Many organizations I’ve worked with have recently expressed interest in doing more with video content in their DAM (Digital Asset Manager). Workflows that initially focused on managing still images and documents are now involving more and more video. The entire landscape of digital media is changing and even traditional print designers are being asked to create interactive, rich media, and tablet-specific content. Digital publishing, mobile apps, and the web are now part of the broad advertising and marketing landscape which has both enabled the use of and increased the demand for video content. It’s become a no brainier that DAM should be used to hold those assets.
In this article, I’ll provide a primer on video asset management. I won’t address advanced aspects of a video production workflow in DAM, but will introduce you to key terms and guidance on managing video content in a DAM.
It’s helpful to be familiar with the following terms since they’ll probably appear as metadata in your DAM (Digital Asset Manager), and knowing what they mean will help you understand the video best practices in the next section.
Just like image formats, the size of a video on screen is determined by it’s resolution – it’s width and height measured in pixels. You may have heard the terms “720p” and “1080p” for HD televisions, which correspond to 1280x720 pixel and 1920x1080 pixel resolutions. (The “p” actually stands for progressive, not pixels, but you can read more about progressive vs. interlaced video here.)
Frames per second (FPS), or frame rate, is the number of images (frames) displayed each second as the video is playing. Television is typically 30 frames per second. This means 1 second of uncompressed HD video would require approximately 30 images, each one 1920 pixels tall and 1080 pixels wide, to be displayed in one second!
High resolution videos with high frame rates can mean really big files. Fortunately, a type of software called a codec is used to shrink file sizes of video files by filtering and compressing video and audio. “Codec” is a portmanteau of “compressor” and “decompressor”, because codecs can be used to compress a video file when saving it to make it smaller and decompress (or decode) a video file when playing it back. The codec used to save a video is also required to play back a video, which will cause problems if you don’t have the right codec installed. Your DAM should support or include codecs to play the video files you have, and support or include the codecs you need when converting files.

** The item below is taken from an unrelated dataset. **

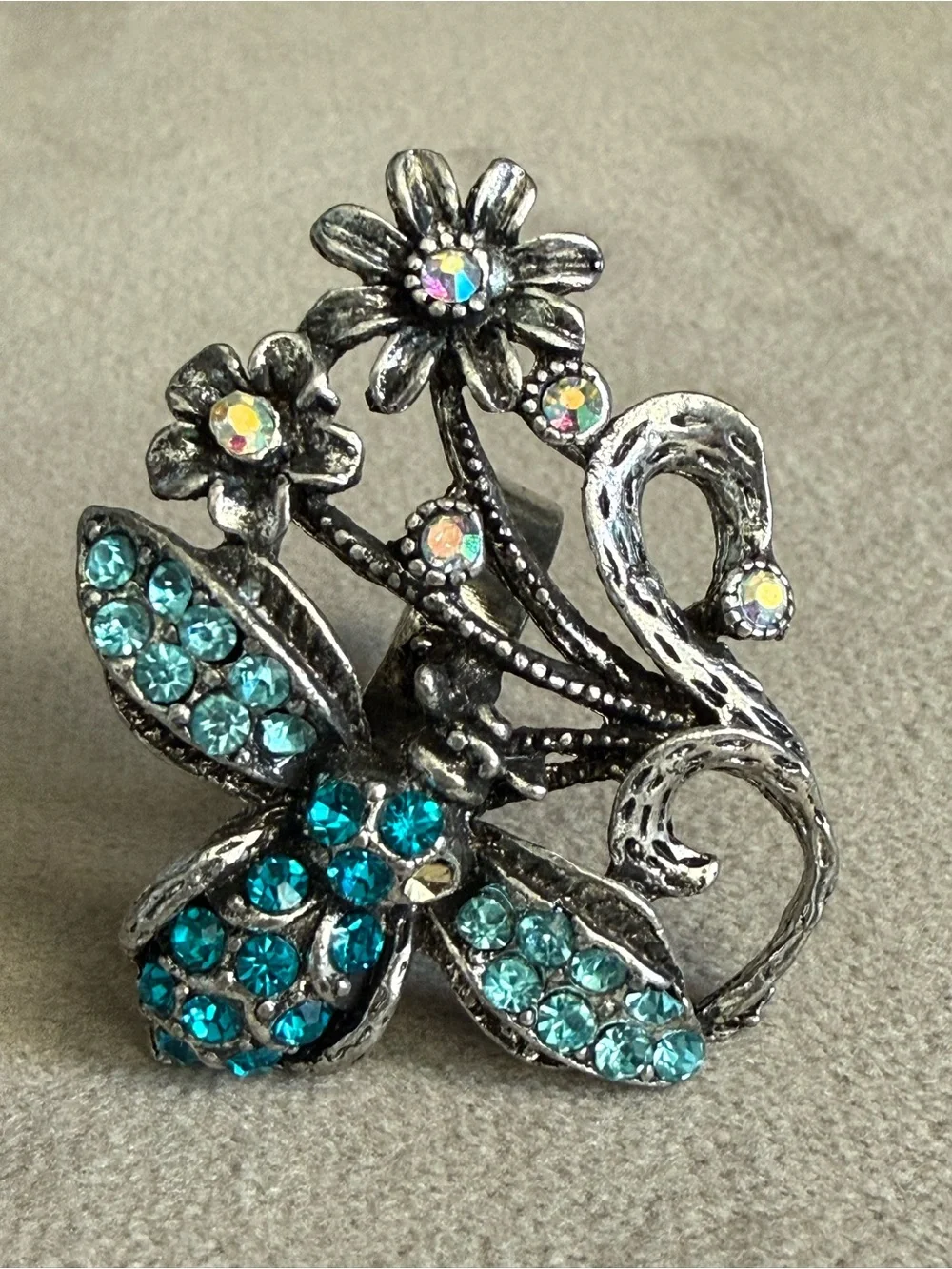 Silver-Tone Floral Ring with Aqua Crystal Accents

Similar to image formats, video formats have standard “container” formats that usually correspond to a file extension. Some common video container formats are AVI, MOV and FLV (just like JPG, GIF,and PNG are common image container formats). However, container formats do not always use the same codec – just because you can play one AVI file doesn’t mean you will be able to play every AVI file you come across (unless you have the correct codecs).
If you’re new to digital asset management, or are already familiar with DAM but want to do more with video, here are some best practices for getting started with video in DAM.

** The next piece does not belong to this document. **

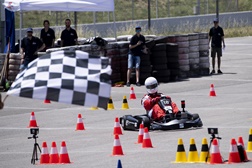 Escola de Aprendizes da SEAT cria kart elétrico vencedor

If the video files in your collection are from a variety of sources or have gradually been added over the years, it’s likely they use a variety of container formats and codecs. Ensuring that users are able to access the videos in a standard format can help avoid problems when the correct codec isn’t installed or when a media player or device doesn’t support a certain container format (for example, the iPad and iPhone cannot play the Adobe Flash video). Your DAM system can help by ensuring that video is available in a format that works for a variety of computers and devices.
One way to standardize on an accessible format is to generate proxy clips for every video added to the DAM. Proxy clips (also known as preview clips) allow quick previewing of video and are automatically generated when video files are cataloged. Proxy clips use a container format and codec that is compatible with media players and the web, meaning video can be played on a variety of devices besides traditional desktop computers. In addition, proxy clips are streamed when users need to play a video file which means they don’t need to wait for an entire video to download or convert before they start playing it.

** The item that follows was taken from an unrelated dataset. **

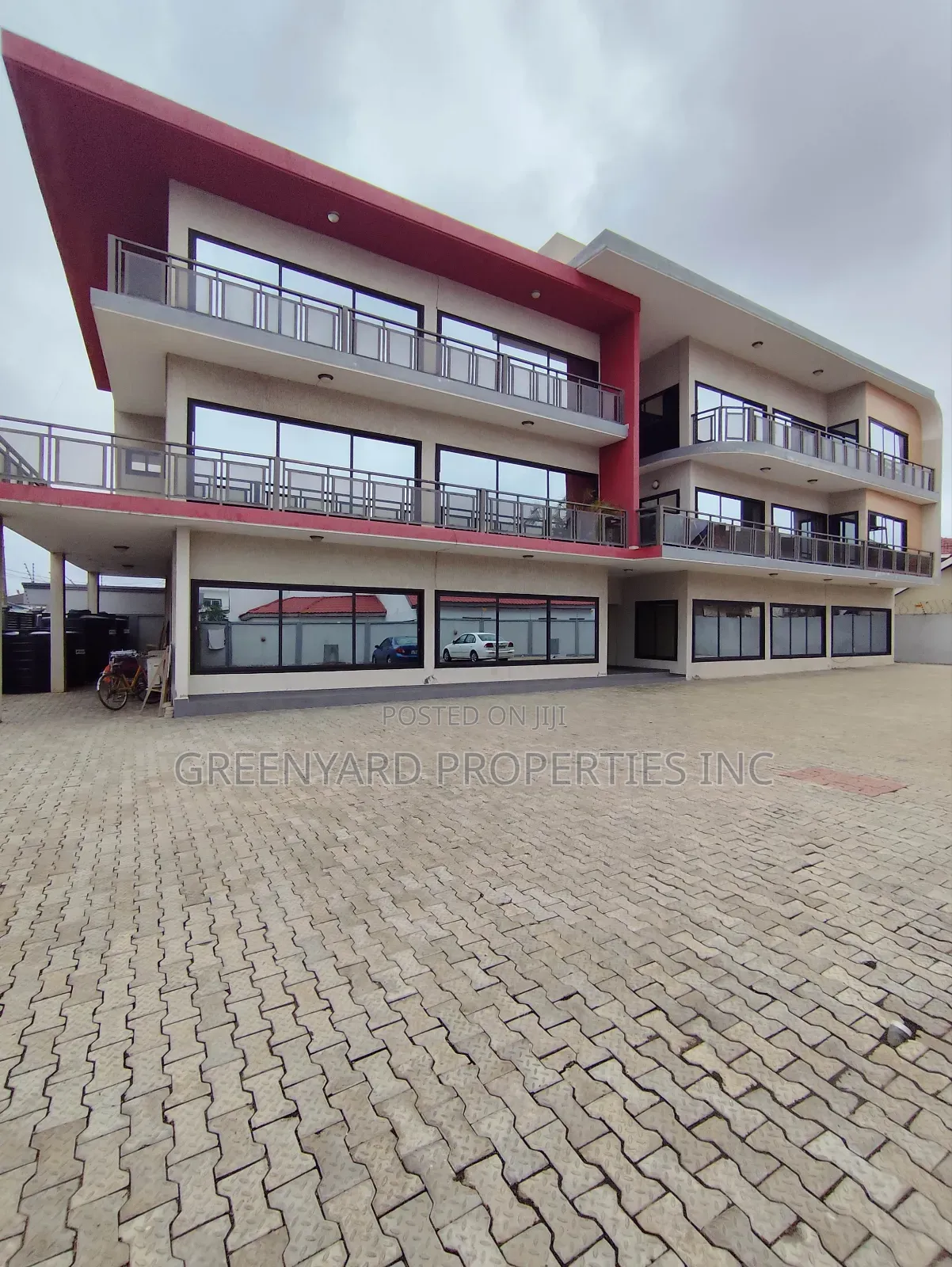 3bdrm Apartment in American House, East Legon for rent in East Legon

The cataloging process is typically longer for video files compared to picture files. Video takes longer because there is more data (30 pictures per second instead of a single picture). The amount of processing power in your DAM (CPU, memory, hard drive speed) will determine how quickly you can catalog and convert files. You’ll want to make sure that your DAM server exceeds, not just meets, the system requirements. A new related trend is a media engine cluster which utilizes multiple computer (instead of one) to decrease cataloging and processing time.
Video files also take up more storage space compared to images. While images may be in the range of a couple megabytes, videos can range from megabytes to terabytes in size. Ideally you will want to catalog the largest resolution and highest quality video available, instead of saving and cataloging lower quality clips, so you have the flexibility of converting to whatever quality you need on demand. Also keep in mind that if you’re automatically creating preview clips during the cataloging process that this will require more storage space, depending on the size and quality of the preview clips.
As we’ve already established – video files can get really big! You’ll want to make sure you have enough bandwidth for uploading and downloading video. The best way to judge this is to try it out with your existing DAM or an evaluation of a DAM you’re considering. Simply upload some video files and download some video files. If your cataloging process involves moving files between two locations, you’ll want to include those locations in the test.
Metadata is the lifeblood of DAM since it affects how people find and use files – including video. Ideally you should use your DAM to embed (write) metadata like keywords and descriptions into your video files so that it is accessible in other applications (like Adobe Premiere for example). Vice versa, your DAM should read metadata written to video files in other applications so that it’s available for searching and other purposes in your DAM.
Even if you aren’t already managing video today, chances are you soon will. Video is becoming more common with modern devices and applications that are increasingly capable of creating video content. In addition, more business activities such as marketing, training, and social media are relying more on video content. The above tips should provide you with a good primer on video related terms and some considerations for handling video in your DAM.